By Liz Balmaseda
(Richard Graulich / Palm Beach Post)
Schooners Chef Joe Ruddy turned what was once a gas station into a restaurant that prides itself on its fresh seafood.
THE FOOD: Schooners serves some of the freshest local seafood in town. You won’t find swanked up fish here, just delicious, fresh fish that’s filleted in-house and grilled, blackened, broiled, or fried to your liking. Yes, the place offers more complex dishes, like the macadamia-crusted grouper or the sweet potato and crab-crusted snapper, but I’m quite content with an order of crisp grouper fingers ($22.99), perfectly flaky inside and served with a choice of two sides.
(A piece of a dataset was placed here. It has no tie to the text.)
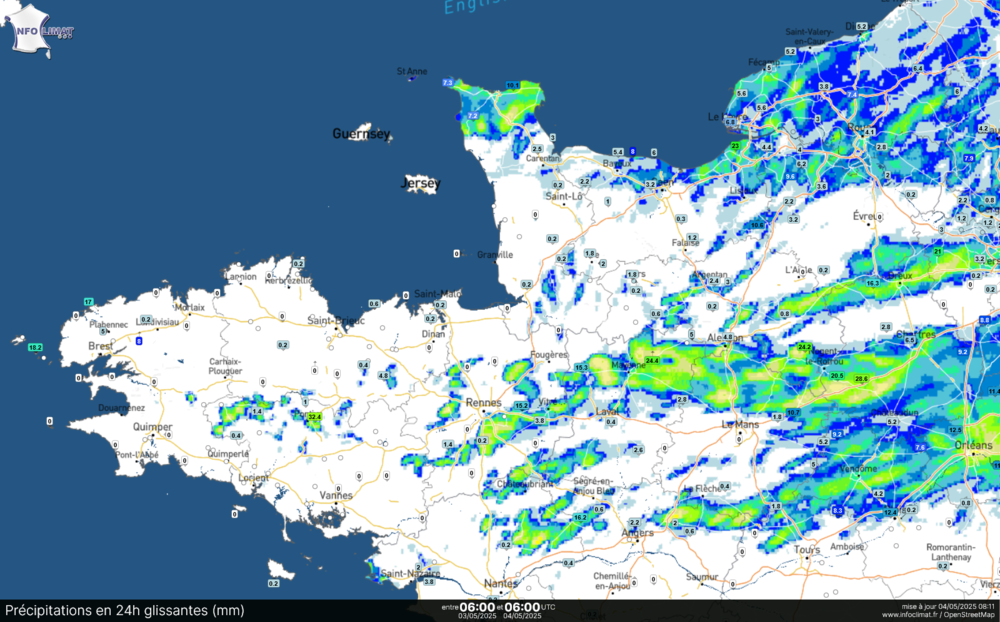 pluie_24h_2025-5-4_6Z_infoclimat_fr.thumb.png.8be3eb7b58081368bc890ceadde0255b.png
THE AMBIANCE: The place has an airy, Old Florida feel to it, offering an ample terrace for alfresco dining. Located on the Jupiter Inlet, in the gaze of the iconic red lighthouse, this is the only landlocked restaurant in the popular dining district. But the vibe here is so relaxed, you can sense the water’s somewhere nearby.
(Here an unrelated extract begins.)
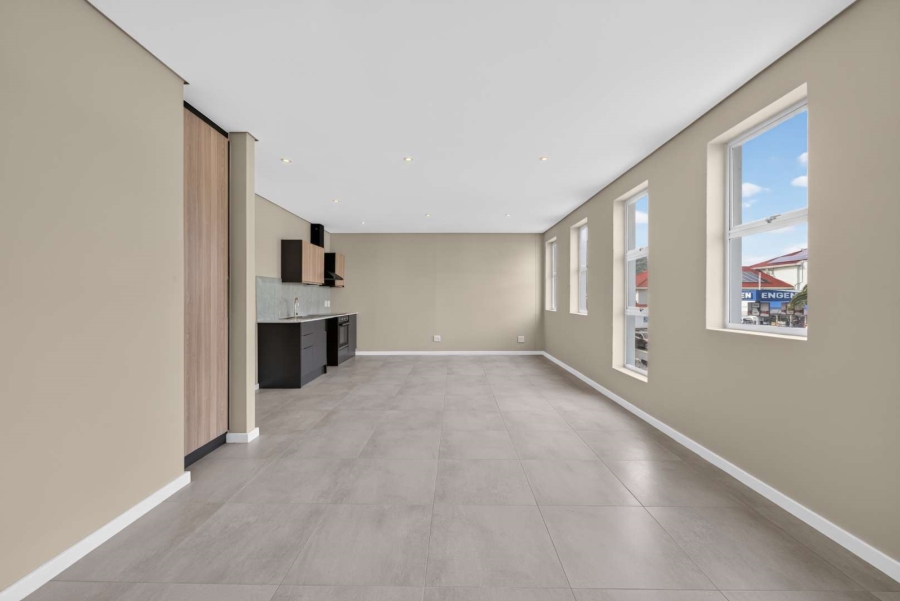 1 Bedroom Property for Sale in Fish Hoek Western Cape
THE BACKSTORY: Schooners opened in 1984 as a fresh seafood market — before that, the place was a gas station — and later morphed into a restaurant, where chef/owner Joe Ruddy delivers consistently fresh dishes to a loyal clientele.
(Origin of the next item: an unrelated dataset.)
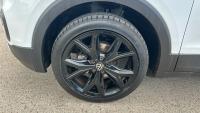 Volkswagen T-cross Sport 1.5 TSI 110kW (150CV) DSG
GOOD BITES: Apart from the aforementioned grouper fingers, I loved the New England clam chowder ($4.75). It’s a heady rendition of the classic, thick with potatoes, bacon and onions, as is the fisherman’s stew ($12), which is loaded with fresh seafood and veggies in a creamy broth. And you can’t go wrong with a simple fillet of yellowtail snapper ($24.99), grilled.